To sum up, we on this side regard the Report as very useful. It sets in proper perspective the role of monetary policy and shows how limited that rôle must essentially be. It does not set out to solve the central problem of our age—how to expand production and promote 612 lasting economic growth without sliding into inflation. It is interesting to note that even the Cohen Council, which is not usually quoted with approval from this side of the House, states in its third Report that we have not solved the problem that all the monetary squeezes of the past few years have involved—a very heavy cost, in terms of figures, to expand and invest enough. When we get the Cohen Council saying that—taking the line that we have taken so often ourselves—there is obviously need for some new thinking on the subject.
The solutions of that problem—whether by measures of public or private investment or by radical changes in taxation affecting investment, and so on—all lie outside the field of this debate. What is relevant is how we are to prevent the expansion we need—which, for the moment, we are getting—leading to inflation and here, especially in relation to a cost-push inflation and rising incomes and costs, the Committee has little to contribute.

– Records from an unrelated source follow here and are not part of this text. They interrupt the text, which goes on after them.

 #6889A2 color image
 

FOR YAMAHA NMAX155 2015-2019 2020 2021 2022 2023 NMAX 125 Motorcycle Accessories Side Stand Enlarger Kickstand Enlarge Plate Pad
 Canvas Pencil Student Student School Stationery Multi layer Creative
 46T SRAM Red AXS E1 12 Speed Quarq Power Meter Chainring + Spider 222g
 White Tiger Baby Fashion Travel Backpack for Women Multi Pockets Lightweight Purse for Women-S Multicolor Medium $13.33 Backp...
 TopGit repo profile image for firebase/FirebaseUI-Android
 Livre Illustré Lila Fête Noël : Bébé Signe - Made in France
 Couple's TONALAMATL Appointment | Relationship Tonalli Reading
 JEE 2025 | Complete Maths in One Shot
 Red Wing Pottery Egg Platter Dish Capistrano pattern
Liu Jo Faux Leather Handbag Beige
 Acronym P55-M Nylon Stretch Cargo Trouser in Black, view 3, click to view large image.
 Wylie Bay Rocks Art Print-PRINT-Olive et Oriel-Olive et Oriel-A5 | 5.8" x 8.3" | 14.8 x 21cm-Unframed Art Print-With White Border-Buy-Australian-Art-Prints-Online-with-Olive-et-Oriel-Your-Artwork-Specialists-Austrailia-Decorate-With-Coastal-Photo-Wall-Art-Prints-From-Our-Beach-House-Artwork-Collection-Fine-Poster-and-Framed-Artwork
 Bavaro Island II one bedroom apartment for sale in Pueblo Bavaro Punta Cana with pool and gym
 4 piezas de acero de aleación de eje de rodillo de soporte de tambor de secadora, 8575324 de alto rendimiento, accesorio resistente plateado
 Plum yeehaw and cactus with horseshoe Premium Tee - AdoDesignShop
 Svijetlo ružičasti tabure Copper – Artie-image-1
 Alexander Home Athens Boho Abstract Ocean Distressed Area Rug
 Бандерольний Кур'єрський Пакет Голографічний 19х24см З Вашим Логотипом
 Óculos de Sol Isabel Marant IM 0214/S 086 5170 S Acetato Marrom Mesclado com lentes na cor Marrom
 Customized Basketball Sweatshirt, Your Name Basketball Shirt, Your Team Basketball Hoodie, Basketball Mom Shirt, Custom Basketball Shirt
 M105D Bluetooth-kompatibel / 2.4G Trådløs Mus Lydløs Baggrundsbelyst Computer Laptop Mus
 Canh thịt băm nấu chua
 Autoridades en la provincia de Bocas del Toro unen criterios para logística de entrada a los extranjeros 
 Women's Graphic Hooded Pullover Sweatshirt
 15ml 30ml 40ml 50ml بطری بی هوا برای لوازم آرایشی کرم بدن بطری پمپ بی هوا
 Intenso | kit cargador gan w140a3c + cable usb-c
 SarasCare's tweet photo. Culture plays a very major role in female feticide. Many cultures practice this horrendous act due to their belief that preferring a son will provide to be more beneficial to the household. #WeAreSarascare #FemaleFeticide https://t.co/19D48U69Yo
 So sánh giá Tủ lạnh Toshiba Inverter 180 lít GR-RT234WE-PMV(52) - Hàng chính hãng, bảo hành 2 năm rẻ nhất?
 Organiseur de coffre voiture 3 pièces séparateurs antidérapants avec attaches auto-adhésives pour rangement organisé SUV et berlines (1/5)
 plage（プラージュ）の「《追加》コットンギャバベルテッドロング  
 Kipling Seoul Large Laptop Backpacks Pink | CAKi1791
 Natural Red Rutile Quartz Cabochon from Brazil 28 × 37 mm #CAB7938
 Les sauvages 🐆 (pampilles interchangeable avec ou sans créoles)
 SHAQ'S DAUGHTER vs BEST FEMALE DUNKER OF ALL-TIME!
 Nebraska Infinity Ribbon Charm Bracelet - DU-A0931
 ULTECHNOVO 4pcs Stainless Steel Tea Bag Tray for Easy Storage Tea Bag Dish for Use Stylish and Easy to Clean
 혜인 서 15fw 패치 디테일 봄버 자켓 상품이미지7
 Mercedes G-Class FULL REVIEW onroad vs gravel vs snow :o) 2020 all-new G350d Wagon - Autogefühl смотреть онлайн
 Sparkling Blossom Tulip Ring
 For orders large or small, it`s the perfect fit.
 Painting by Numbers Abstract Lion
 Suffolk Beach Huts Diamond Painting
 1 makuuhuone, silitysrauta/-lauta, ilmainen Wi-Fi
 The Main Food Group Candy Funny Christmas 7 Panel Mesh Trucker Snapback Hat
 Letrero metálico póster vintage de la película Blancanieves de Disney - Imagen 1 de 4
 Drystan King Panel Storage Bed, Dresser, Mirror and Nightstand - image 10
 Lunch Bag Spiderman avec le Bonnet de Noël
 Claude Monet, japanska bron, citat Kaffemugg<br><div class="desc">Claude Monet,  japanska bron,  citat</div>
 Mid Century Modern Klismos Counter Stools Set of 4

We have certainly never had a clear statement from the Government on this from the days when the right hon. Gentleman the Member for Monmouth was Chancellor of the Exchequer, because the Government have always thought that all problems of inflation, wherever they come from, can be dealt with by attacking total demand.
That is why, throughout the past few years, we on this side have always emphasised that this problem cannot be solved in a democratic society without a purposive policy involving budgetary needs, monetary policy and physical controls, and, above all, the creation of a social climate which will enable a Government of whatever party to appeal for, and to deserve, co-operation from every section of the community.
§ 5.42 p.m.
§ Mr. William Clark (Nottingham, South)This is a frightening but very important moment for me in that it is my first speech in this Chamber. I hope that hon. Members on both sides will extend to me the indulgence and tolerance that, I understand, is given to all new speakers. As a new Member I have had a variety of advice as to the timing of my maiden speech, but whether I have been told that the 613 speech should be sooner or later, my advisers have been unanimous in saying that in any case it should be brief.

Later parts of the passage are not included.